Photo/Illutration The Fair Trade Commission’s building in Tokyo’s Chiyoda Ward (Asahi Shimbun file photo)

Using artificial intelligence (AI) and algorithms to automatically set the prices for goods and services could violate Japan's Anti-Monopoly Law, according to a study group formed by the Fair Trade Commission.

The group of outside experts, led by Noriyuki Yanagawa, a professor at the University of Tokyo’s Graduate School of Economics, released a report into the matter on March 31 after meeting eight times over the past year.

The report cited cases where companies used a common algorithm to automatically set the prices on their goods or services--only to all end up with the same price tag in the end.

If the companies are aware that this is a possible outcome when they put their dynamic-pricing algorithms to use, it would constitute an illegal “price-fixing cartel” under the law, the report said.

The law requires authorities to establish “communication of will” among companies to charge them with operating a price-fixing cartel.

But in cases where they used AI-powered dynamic pricing, the FTC can conclude that there is an unspoken agreement between them, even when the companies do not directly communicate with each other, the study group said.
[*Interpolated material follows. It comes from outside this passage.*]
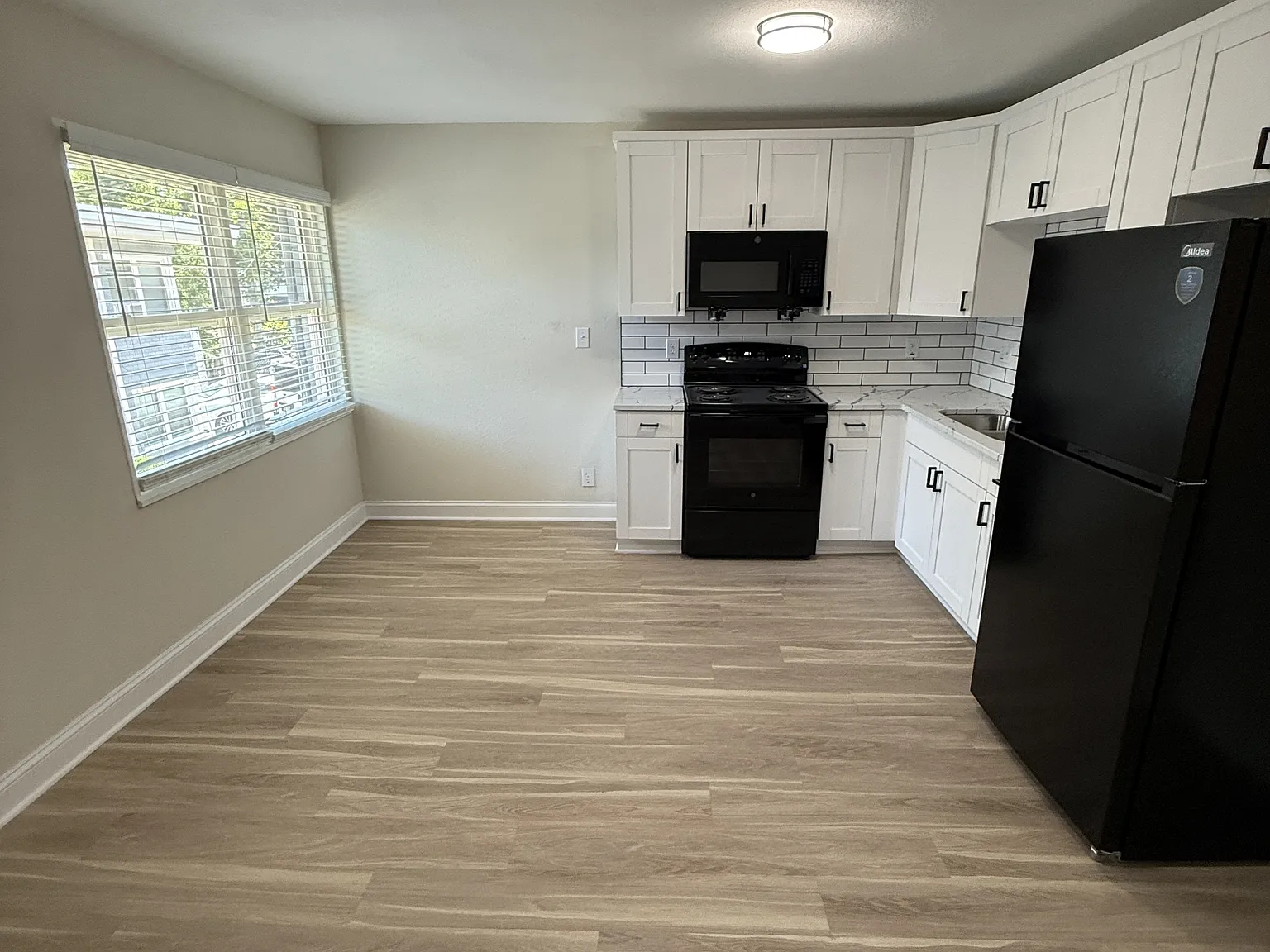 Pine Manor Properties — Photo 4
The report also cited cases where the AI software used by companies to adjust their prices had reacted to another company’s price increases by immediately following suit.

If the initial release of a company’s new price information is difficult for consumers to access and only shared among industry peers, authorities can conclude that they “share the will to increase prices,” the report said.

The group also pointed out that even when companies do not willfully conspire to increase their prices simultaneously, the algorithms used by each company may make decisions on their own and act in union.

Such a case has not been reported yet, but the group said the FTC “should pay close attention.”

The group also discussed AI-powered “personalized pricing,” in which companies tailor their prices to individual customers based on a profile of them.

Under this system, a firm with a large market share could show lower prices to people shopping at rival companies to stifle competition. A case like this would likely be considered “private monopolization,” which is a violation of the law, the group said.

Authorities must be able to analyze the source code and verify the data to investigate into a potential anticompetitive situation involving advanced technology like this. The report said the FTC should work with experts to ensure that they have employees that have developed adequate skills for investigating these type of cases.

Authorities in many other countries are already studying the practical implications of companies using AI and algorithms to quickly check competitors’ pricing and then decide whether to adjust their own prices.

The use of this kind of technology is expected to facilitate more competitive pricing. But experts warn it could make it easy for dominant firms to align and eliminate competitors.